The complaint cites a June 15 incident where SWAT team members responded to reports of a 24-year-old man firing a handgun and then barricading himself in a garage. Four on-duty SWAT officers responded immediately. Only eight off-duty SWAT members of 50 called responded.

“This was not enough manpower to secure a proper perimeter,” the complaint states. “The result was the armed subject was able to break the perimeter, which endangered citizens, district personnel and members of the SWAT team. Additionally, the inadequate number of SWAT personnel did not give SWAT officers on the scene, nor Chicago police negotiators, the time and resources to de-escalate the situation.”

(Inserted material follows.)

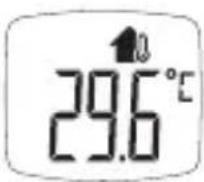 BOSO Bosotherm Diagnostic - Temperaturmessungen bei Gegenständen - 4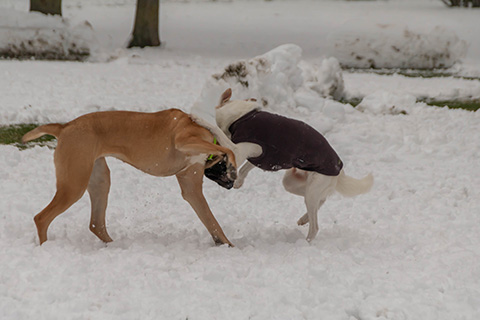 Hundewiese Eickhorst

An officer shot the man in the lower body with a rifle after he pointed his handgun at police, a police spokesman said. The man then shot himself and died at the scene.

A former SWAT team member told Chicago City Wire that non-lethal bean bag shells from a shotgun or sponge rounds from a .44 (often used to disperse crowds) should have been used as soon as it was clear that negotiations were getting nowhere and the man was a threat to civilians and officers.

“The Department (CPD) is pushing for and wants de-escalation but its own SWAT team couldn’t do it,” the former SWAT member said. “The reason they didn’t employ less lethal alternatives is because they didn’t have enough personnel, and that’s because they don’t have a formal on-call system.”

Training logs show that Chicago SWAT does not meet the standards established by the National Tactical Officers Association for a full-time force and barely meets standards for a part-time force, the former team member said

Chicago SWAT, for example, has no training in explosive breaching, the former member said.

“In a hostage situation you have to know how to enter in from a wall inside of the building because the bad guy is either covering the entrance or has blocked it,” the former member said. “Even the SWAT teams in smaller cities know how to do this.”

The former member also said that the city could cover the cost of an on-call system by getting rid of some overtime pay for SWAT officers.

“Some are making well over $100,00 on a base salary of $85,000,” he said. “One officer is making over $200,000.”